Yes. Most of my questions have been asked. I've got one on Vyepti. I note in the release says that the ALLEVIATE trial recruitment was halted following a planned interim. So can you just share if that's a good thing or a bad thing?
Johan, do you want to take that?
Yes. I guess that's for me. Yes, that's clear that we had an interim. It was a schedule interim. So it was not mandated by any safety concern or anything like that. Actually, the data in terms of tolerability, safety was very good in this trial. As you know, this is a slightly different population, males primarily and very severe headache. The medical need is enormous. We did have a scheduled interim, as I said, where we took a look at the data. And we're actually going to reveal more of that at our Investor Day. So, you have to be a little patient here. But I can say this much that it's intriguing data, and it really verifies that this is a strong drug in many ways. And I'll leave it like that, and we come back on the 30th if you're joining us.
Our next question comes from Marc Goodman with Leerink.
First question is, you talked about this over 65 prescriptions. I was wondering if you could quantify. Maybe just tell us like what percent of the prescriptions that you were looking at were actually over 65 versus under, so we can get an idea of just how much it's helped so far that new indication?And second of all, Joerg, could you just give us a sense of gross margin over the next couple of years, adjusted gross margin and how to think about whether there be much change? Or is this what we should expect?
Tom, do you want to answer the question on Rexulti?
Sure. Thanks, Marc, for the question. As we have looked historically at the 65-plus cohort, it really had been stable over time through the last several years at about 12% to 14% since May, with the increase or the inflection point with the AADAD launch. We have seen that increase over 40% since then.
And maybe I'll take the question on the adjusted gross margin. Again, we see a very nice development year-to-date that fully reflects the operating leverage due to the strong growth in our strategic brands. And I don't think we give any mid-term guidance on the adjusted gross margin, but I think the current level is a good level to start with.
Our next question comes from Suzanna Queckborner with [ HSB ].

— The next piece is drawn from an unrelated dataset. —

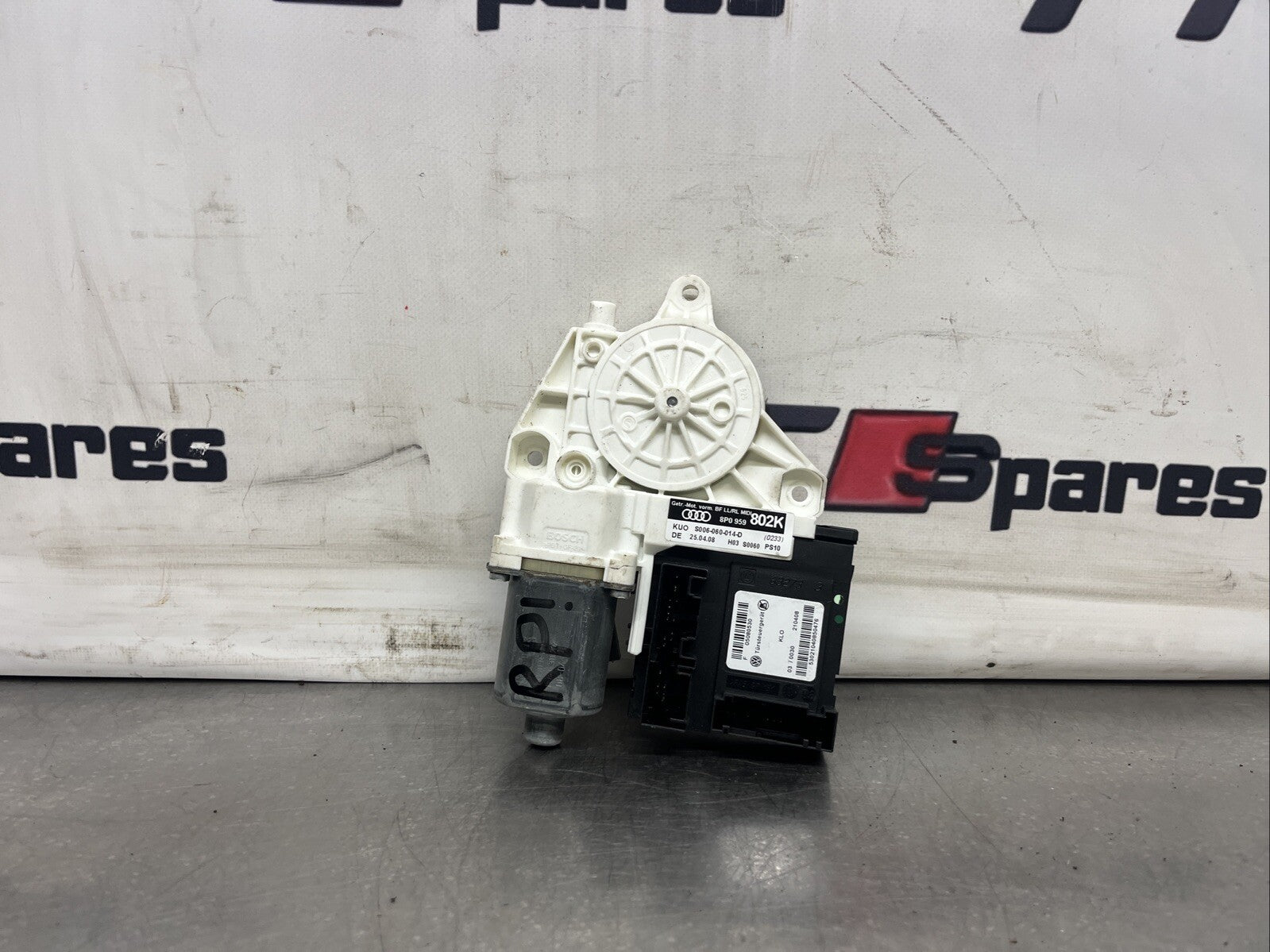 Audi A3 03-12 n/s near passenger left front window motor 8P0959802K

Suzanna Queckborner from Handelsbanken. My first question goes to Johan. I wanted to get an update on the alpha synuclein antibody. Given that you said that you're expecting headline -- top line data in H1 2024, what are the ambitions here and especially the next steps? Is this something Lundbeck is going to explore alone in MSA? Or are you looking to partner? Yes, maybe some detail there.And then the second question to Charl. Now, 60 days into your tenureship here. Which of the current pipeline projects do you find the most encouraging and also especially in contrast to external expectations?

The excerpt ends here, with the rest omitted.